廃ビル 相葉視点

佐野と別れ一人廃ビルに入った相葉は薄暗いビルの廊下を慎重に歩く、未来視で見た場所の窓にはホームセンターの看板が立っていた。だが一階や2階は看板が見えるほどの高さに無い、つまりそれより上の階だ 

この先に何があるかそれとなく見えてはいる

意を決して階段を上る 

想定通りで受け入れ難い光景だ

そこには血の海が広がっていた

強烈な鉄の匂いと無惨なその光景に胃物を吐き出しそうになるが唾を飲んで目を逸らしなんとか堪える 上へ上がるため手すりを掴んだその手は震えていた   

3階に上がり人が居ないのを確認してホッとしたのも束の間上の階から何かが破裂したような音が聞こえた。

これはヤバい焦って階段を駆け上がると

そこにはさっき見た光景よりも血に塗れた地獄が広がっている。

非現実的なこの状況に何かを思い出しそうになるが嫌な気がしたので目を逸らす。

目をそらした先の開いたドアに動く何かの影を見つけ急いで物陰に隠れる。

奥から出てきたのは僕より小さそうな小柄な少女 左手は血に濡れて大きな何かを持っている 「やり過ぎた」

小柄な女の子が細々しい声を放った

「だろうね 瀕死じゃんせっかくの同郷だってのに 」

少女が声の方に顔を向ける

奥から少女の二倍ほど有りそうな長身の男が現れた 少女が持つその何かを触れる

それは人だったそして僕は知っている彼の事を 黒森ナオトそれが彼の名だ

一度話したことがある雨が降っていて傘がない彼と一緒に寮へ帰った

なぜ彼がいるのかよく分からないが助け出さなければあのままじゃ何もせずとも死んでしまう。
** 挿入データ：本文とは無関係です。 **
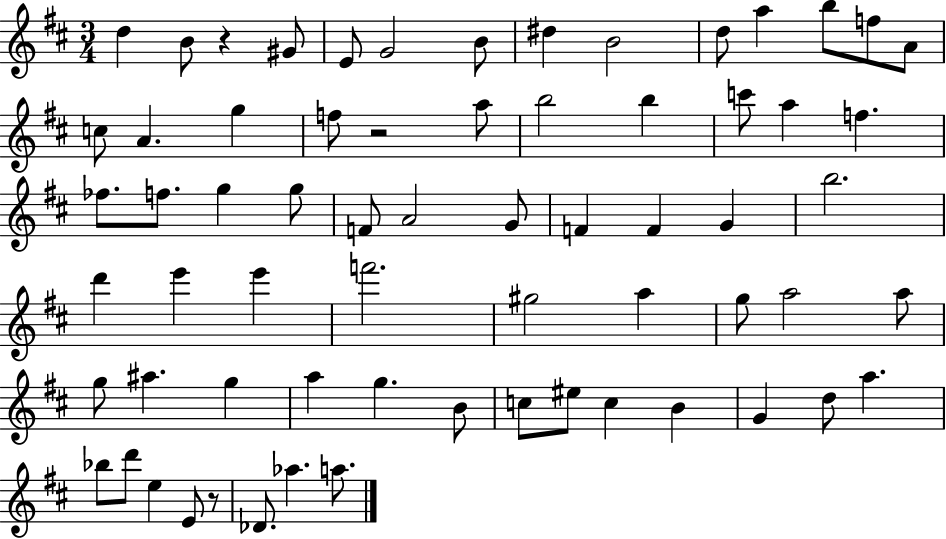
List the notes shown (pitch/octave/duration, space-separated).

何とか助け出す方法は無いかと3人から目を離し周りを見渡す。 

すると

何してんの

あの少女が僕に気付き左手に持つナイフで首を斬る

コレは

「何してんの」

未来だ 僕はすぐさま身をかがめナイフを避けて表に出る

「なんで分かった?」

少女が少し不機嫌そうに刺さったナイフを抜こうとしている

諦めたのか太ももからさっきよりもゴツいナイフを2本出して構えた

「偶然? いやまさか… これで俺らと同じならひでぇ豪運だ」

いつの間にか黒森を担いでいた男の方が口に手を当てながら相葉を不思議そうに見ている

「あいつ嫌い」

少女の方は明らかにイラついていた

「あの 彼を返してもらえませんか」

自分でもびっくりしたこの状況をどうにかしようと言ったにしては馬鹿すぎだ

案の定二人の顔は不信感の塊と化した

「あ、相葉、、く」

知っている声が聞こえて気がついたようだ

「黒森くん そうだよ相葉だよなんで君がここに居るのかよく分からないけど

一緒に寮へ帰ろう」

僕は気がついた黒森くんに言葉をかけた

すると僕の視界はまた切り替わった

男が僕の腹に弾丸で穴を開けるらしい

「ちょいちょい お前ら知り合い?」

マジかよと男が頭をかく

じゃあ 男と少女は目を合わせ

きた

僕は男が銃の引き金を引くギリギリで体を動かしそのまま真っ直ぐ進むと少女が上からナイフを刺してくるので、それをまた避ける。

「は? 避けんなよ」

少女がまたも避けられた事で口調が崩れた

視界が揺らぐ分からない今見えているものは今いる場所と同じものなのか。

未来が見え続けると言うのはこういう事なんだなと涙と絡まり流れてる血を服の袖で拭う

まずは彼を助けようとそのまま足を進めた

「あんた未来でも見えてるの すごいね

じゃあ見えても仕方なくしてあげる」

「は」

見えたはずだった、見えたはずだが少女が何をしたのか見えない  速すぎる

その時すでに僕の目には血が写っていた

咄嗟に目を瞑るが想像した痛みはやってこない、恐る恐る目を開けると目の前には僕を庇うように誰かが立っている。黒森だ、そう気づいた時彼はナイフを庇った血だらけの腕を垂らし体を後ろに倒すが慌てて支えた事で地面にぶつかる事は無かった。 死角で見えていなかったが今のは相打ちだったようでもう一方の少女の方も頬が無惨に切れ震える手で押えている、だが不思議なことに傷の割に黄色い目の奥は波一つ立っていない。少女の異様な態度に目を当てていると

「すげぇ友達思いなんだな」もう片方の大きな男が近づいて話しかけてきた「お前もそいつも」男が少女の横に来ると少女を担ぎ上げる。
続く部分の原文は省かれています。